__Entries shown__.
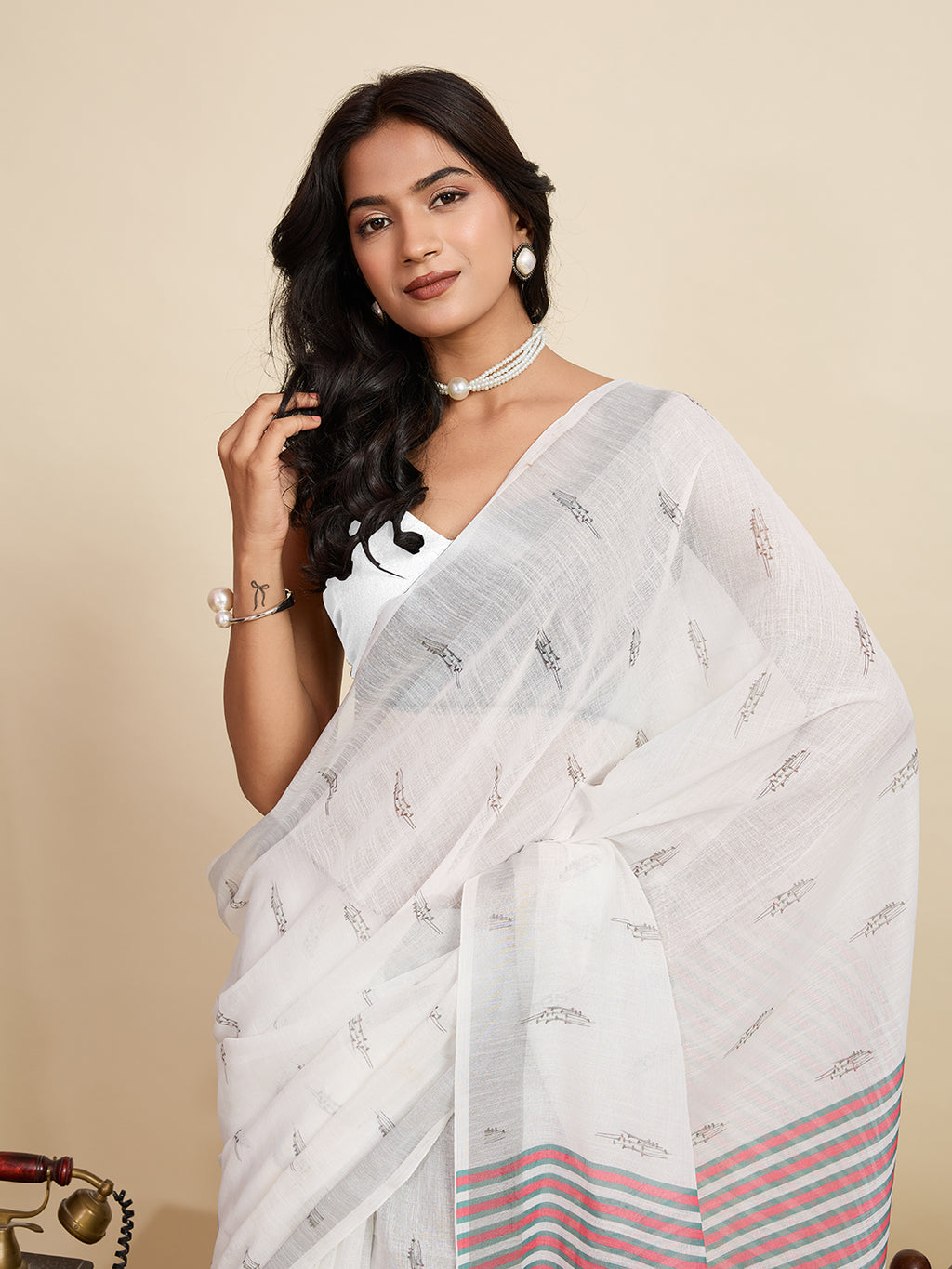 Women's White Color Linen Saree with Jari Border and Blouse – Printed All Over Designer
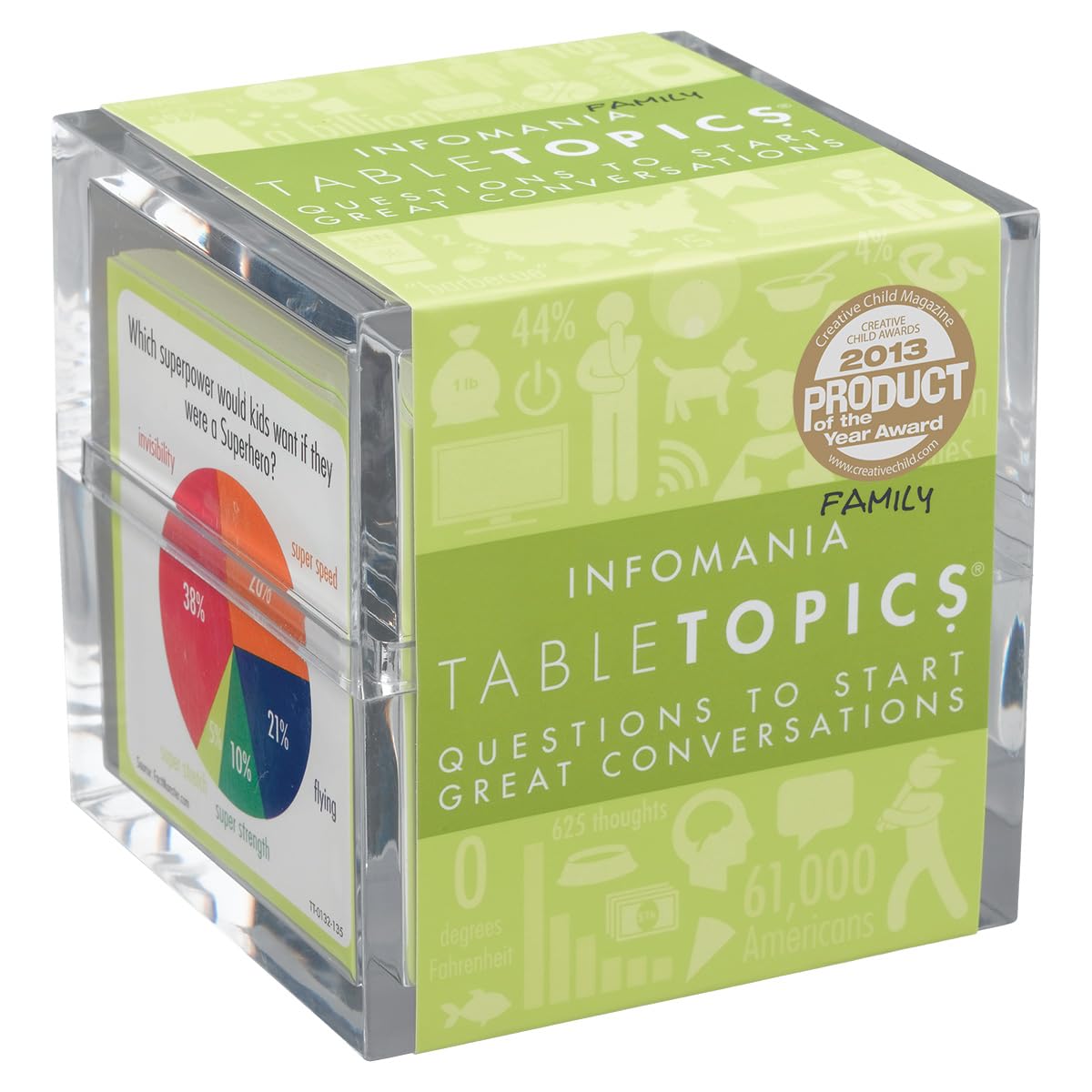 TableTopics Family Infomania card front with prompts for family meals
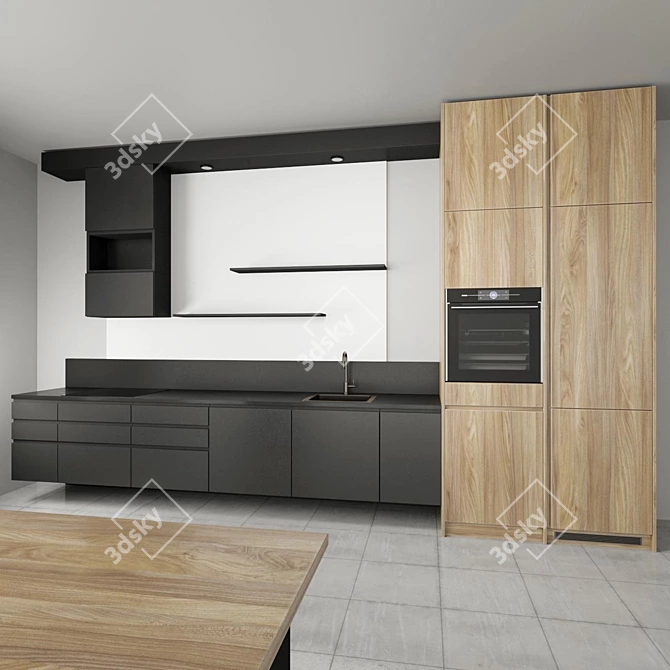 Modern Glossy Kitchen Set 3D model image 9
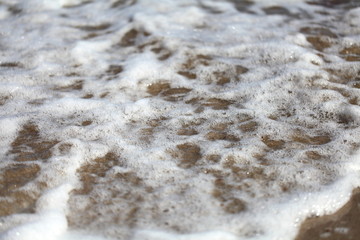 Wave foam at the beach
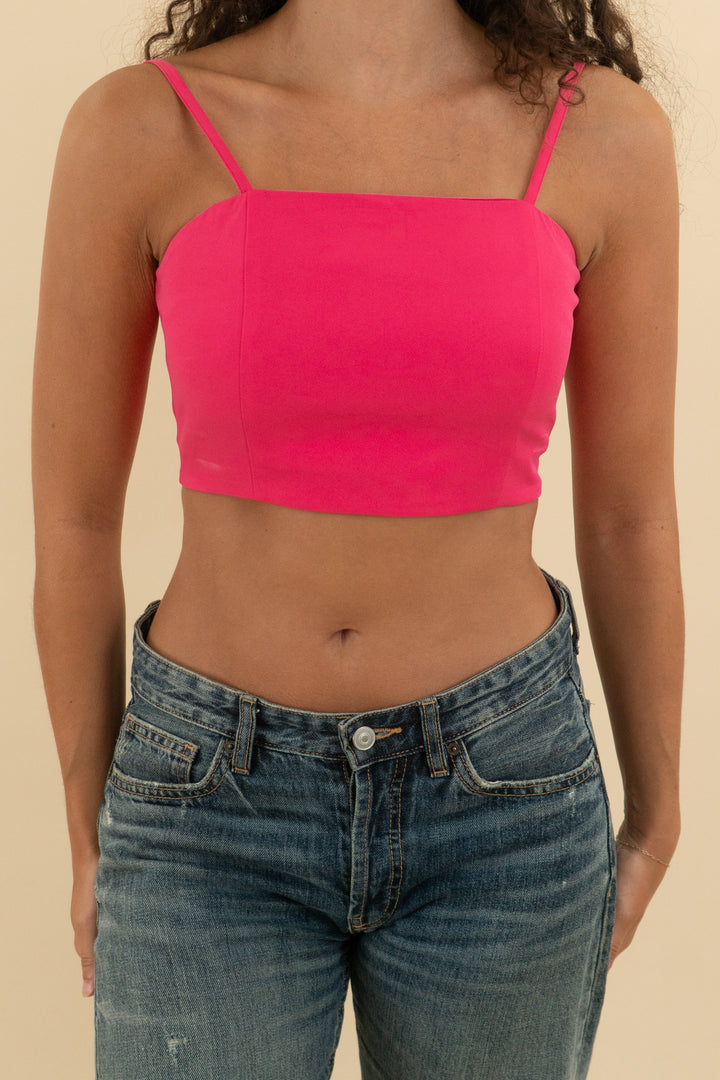 vici hot pink cropped smocked top (s; retail $54)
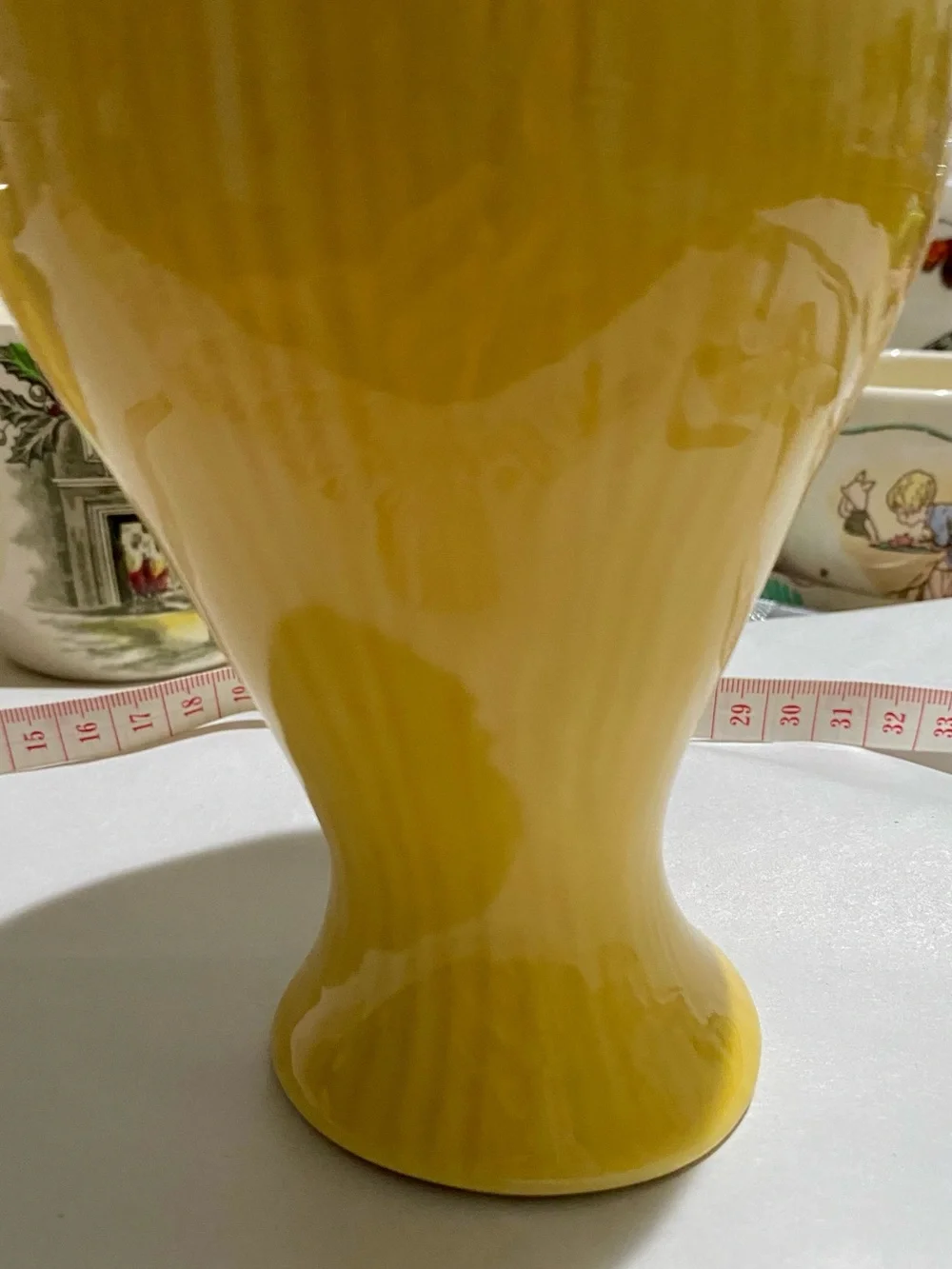 Crate & Barrels Barbara Eigen Yellow Contemporary Ribbed Vase. asymmetrical Top.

__Problem statement__. Beginning with the line that holds "Modern Glossy Kitchen Set 3D model image 9", write out exactly the lines down to the end of the material above, and no others. Pictures are not part of the copy.

__Written reply__.
 Modern Glossy Kitchen Set 3D model image 9
 Wave foam at the beach
 vici hot pink cropped smocked top (s; retail $54)
 Crate & Barrels Barbara Eigen Yellow Contemporary Ribbed Vase. asymmetrical Top.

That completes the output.